Bugs, both native and imported, are becoming more mobile across the country, leaving dead trees in their wakeCanada's vast boreal forest
is facing the devastating threat of mountain pine beetles as early as this summer, causing widespread economic and environmental damage, warns one of the country's foremost experts on the grain-sized insects.
Last summer, a great swarm of beetles was caught in prevailing winds, blowing into Alberta and landing at the doorstep of the boreal forest.
Alberta recently declared the growing pine beetle problem an emergency and has set out to cut and burn infected trees.
“If the stars align and the beetles are transported long distances to the east, there is a possibility that the mountain pine beetle could get into the margins of the boreal forest in 2007,” said Allan Carroll, a research scientist with the Pacific Forestry Centre in Victoria.
“If the beetles from last year were able to get nearly there in one go [through wind dispersal], then just given that there could be even more beetles available to one of these dispersal events, the possibility is there.”
Experts believe that if the large number of pine beetles on the western side of the Rocky Mountains emerge this summer and happen to correspond with strong eastward winds, there's a possibility those insects could go even further and land in the boreal forest as early as the summer.
The boreal forest, which extends across the northern half of the country, is a remarkable ecosystem that plays an essential part in the storage of carbon, itself a key form of natural environmental regulation. The mountain pine beetles have affected 9.2 million hectares of British Columbia's interior and northern forests.
Dr. Carroll said his climate-change predictions – even the most conservative ones he has produced – indicate that the boreal forest is going to be a fairly good place for beetles before too long.
“The pine beetle has been responding to a warming environment for a couple of decades now. What it's doing is predictable given a warming environment and it really indicates what can happen as things change and ecosystems rearrange themselves in the face of a changing environment,” he said.
The pine beetle, which is indigenous to British Columbia, feeds mainly on mature lodgepole pine, but scientists say they could easily jump to Jack pines, which are located in the boreal forest.

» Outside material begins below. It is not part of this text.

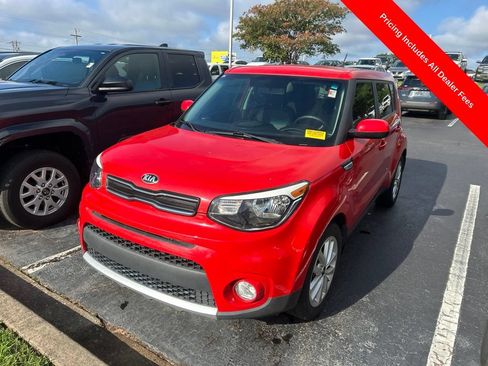 Used 2017 Kia Soul + w/ Audio Package FWD image 10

They attack trees by laying eggs under the bark. When the eggs hatch, the larvae mine the phloem area beneath the bark and kill the tree by cutting its supply of nutrients. The tree turns a brownish-red colour.
Pine beetles can't survive in Canada's cold weather, but several consecutive mild winters in Western Canada have resulted in the beetle problem reaching epidemic levels. Researchers suggest that by 2013, it will have killed 80 per cent of the mature pine in B.C.

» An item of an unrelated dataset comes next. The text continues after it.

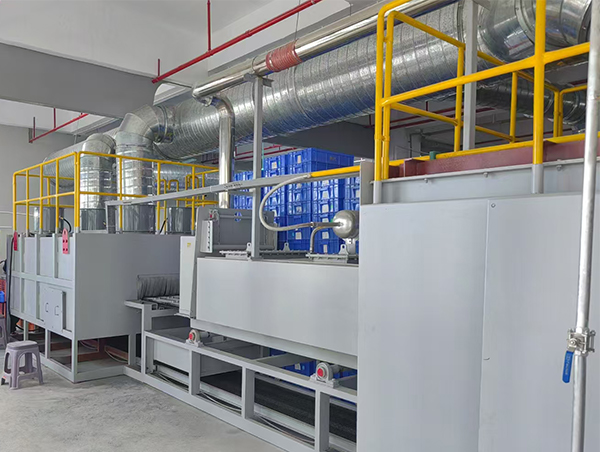 �F���t���b�{ԇ������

Dr. Carroll fears that there's not much more that can be done other than focus on early detection and removing infected trees.
The Canadian Food Inspection Agency last week expanded a containment area in Nova Scotia to stop the spread of the brown spruce longhorn beetle. The beetle, a European pest that attacks dead or dying trees, was first spotted in Point Pleasant Park in Halifax. Scientists believe it came to the area in 1990 through infested wood packaging materials brought through the port there.
Meanwhile the emerald ash borer, discovered in 2002, has infected roughly a million ash trees in Southwestern Ontario. Government officials say they have been able to control another foreign species in the area, the Asian longhorned beetle, by cutting down infected trees.
Beetle infestations in various parts of the country have rattled the forest industry.
Doug Routledge, vice-president of the Council of Forest Industries in B.C., said the industry is moving quickly to salvage damaged trees. He doesn't know what the long-term impact will be, indicating there may be some reduction in annual harvests.
“There's always angst because there's no certainty with this. We have to adjust as we go,” Mr. Routledge said.
Crystal Ernst, a program officer with pest emergencies at the Canadian Food Inspection Agency, said that global trade is the cause of these insects entering the country. The tiny hitchhikers are hiding in large wood crates being shipped across oceans.
“Eradication is pretty much impossible. Simply because once you've got it, there's no getting rid of it. In these new areas, it will now be a long-term issue,” Dr. Carroll said.